How These Names Compare At A Glance

None of these multiples are cheap on an absolute basis. They reflect a market that has decided AI infrastructure is the central theme of the cycle. The relative comparison is what matters.

Company Role In The AI Stack What You Are Paying For Main Risk
NVIDIA AI accelerators and CUDA software platform Dominant share, the strongest software moat in the stack, USD 1 trillion of forward demand visibility Customer concentration, custom silicon competition, valuation already prices in continued execution
TSMC Foundry that manufactures every leading-edge AI chip 72% foundry share, multiplier effect across the whole ecosystem, lower multiple than the designers Geopolitical exposure to Taiwan, capital intensity
ASML Sole supplier of EUV lithography equipment Genuine monopoly economics, irreplaceable position in advanced node manufacturing Cyclical order book, slowdown when foundries digest existing capacity
Broadcom Custom AI accelerator partner for hyperscalers Direct beneficiary of in-house silicon trend, large software business from VMware Highest forward multiple in the group, ramp is large and not yet fully delivered
AMD Number-two GPU designer with credible hyperscaler wins MI400 momentum, Meta deal, broad cloud customer roster Software ecosystem still narrower than CUDA, valuation prices in continued share gains
Vertiv Power and thermal management for AI data centers The only large player covering both power and cooling at scale, accelerating order book Stock has run hard, sensitivity to data center capex pacing
Constellation Energy Largest US nuclear and private power producer Direct hyperscaler power purchase agreements, scarce dispatchable clean power Regulatory and nuclear-specific operating risk, capital-intensive uprate program
GE Vernova Grid equipment and electrification infrastructure Record electrification backlog, structural undersupply of grid equipment Execution risk on a complex industrial business, exposure to broader power capex cycles

The Honest Summary

If you missed NVIDIA, the good news is that you did not miss the AI infrastructure cycle. The cycle is still playing out across foundry, lithography, custom silicon, GPU competition, power generation, cooling, and grid build-out. There are at least seven defensible entry points that are not NVIDIA.

The honest news is that "I missed NVIDIA" is usually the wrong frame. NVIDIA's earnings have grown into the multiple every year, and the people loudest about valuation in 2023 and 2024 mostly missed two more years of compounding. If your real concern is concentration in a single name, build a basket. If your real concern is that the thesis is over, look at hyperscaler capex projections and ask yourself whether USD 700 billion of annual spending really stops in 2027.

My personal preference, if I were structuring exposure today rather than advising clients on capital, would be a barbell: TSMC for the multiplier effect at a reasonable multiple, NVIDIA for the platform position, and one of Vertiv or Constellation for the power adjacency. That is three names instead of one, and it spreads the risk across the parts of the AI stack that have to keep working together.

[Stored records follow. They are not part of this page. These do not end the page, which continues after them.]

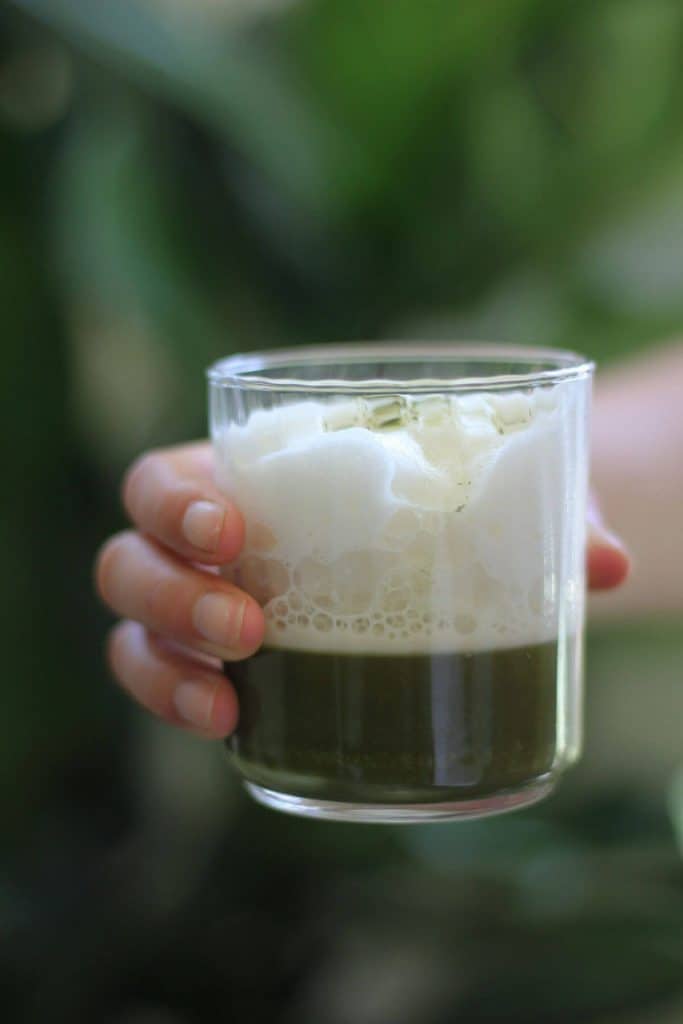 Hand holding clear glass with a shot of matcha at the bottom, topped with white milk foam.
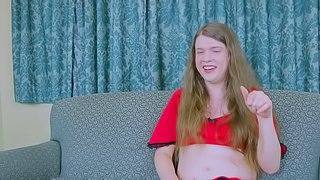 Tranny with long hair relaxes and strokes her big dick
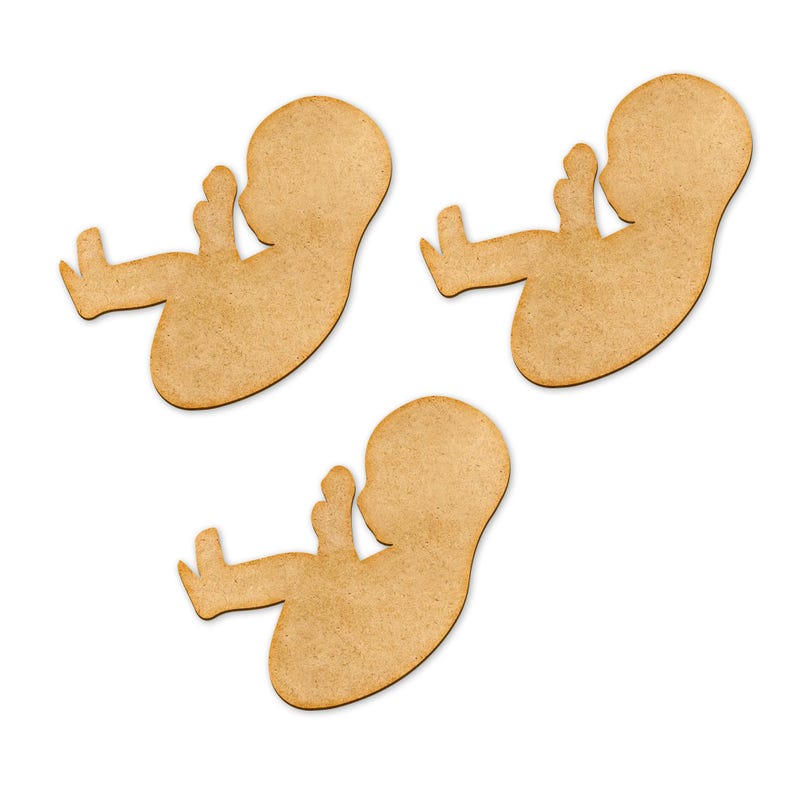 May include: Three wooden cutouts in the shape of a fetus, each with a light brown color and a smooth texture. The cutouts are arranged on a white background. The fetus cutouts are a craft supply.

Take this as opinion. Take it as one person's framing. Do not take it as advice you can act on without doing your own work.

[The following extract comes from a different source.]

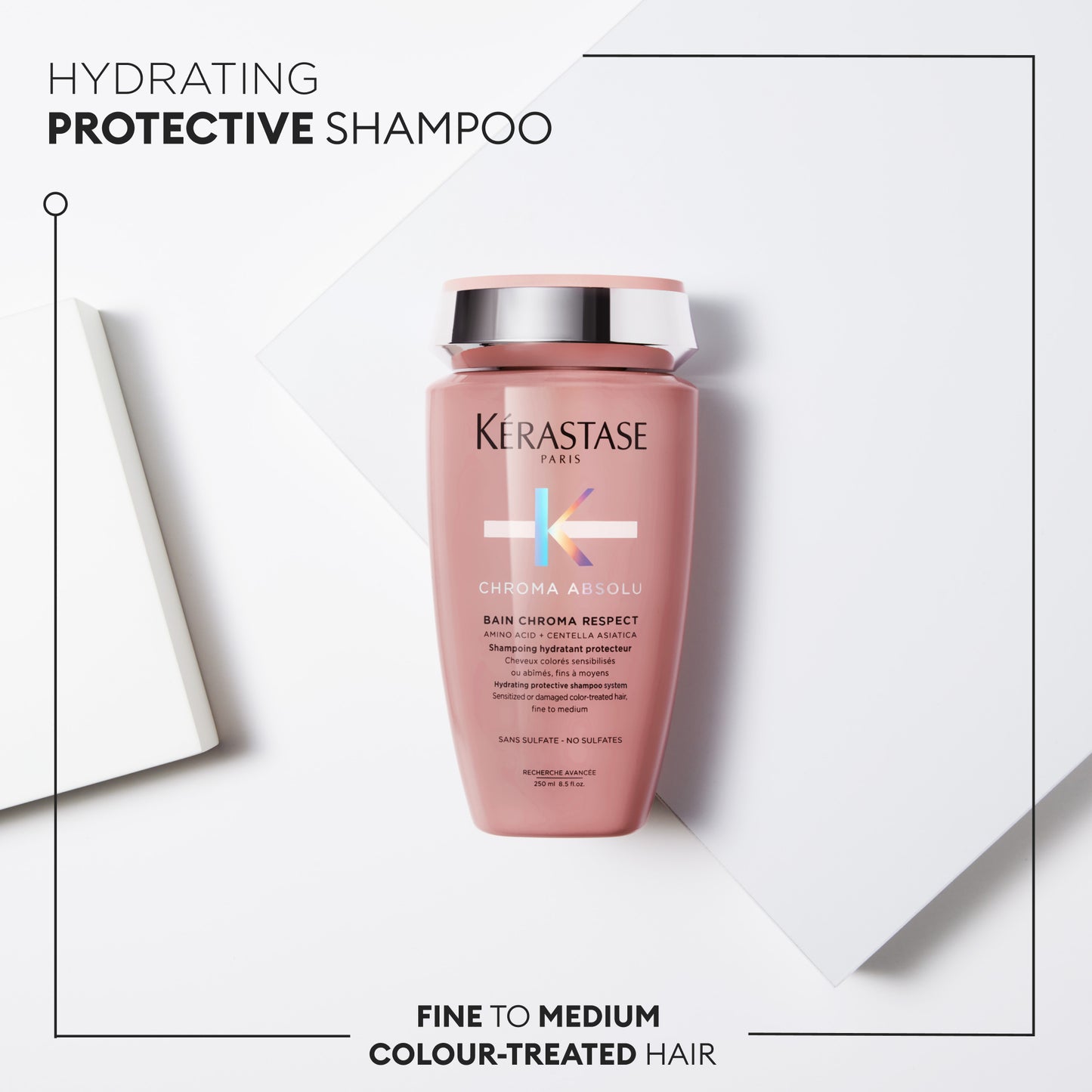 A bottle of Kerestase Chroma Absolu Bain Chroma Respect 250ml is elegantly displayed on a white geometric background. The label emphasizes its hydrating and protective benefits for fine to medium, color-treated hair. I'm sorry, but the product description appears to be incomplete or malformed.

Full Disclosure: This article reflects personal opinion and is provided for general informational purposes only. It is not investment advice, financial advice, tax advice, or legal advice. It is not a recommendation to buy, sell, hold, or refrain from transacting in any security. FG Capital Advisors is a capital markets advisory firm focused on debt advisory and capital introduction; it is not a registered investment adviser, broker-dealer, or licensed financial planner. The author does not hold positions in the securities discussed as part of FG Capital Advisors business activities and is not compensated by any of the companies named. Equity investments involve risk, including the risk of total loss. Past performance does not predict future results. Forward-looking statements quoted from third-party sources reflect those sources' views, not the author's. Before making any investment decision, consult a licensed financial professional who can evaluate your specific circumstances, objectives, and risk tolerance.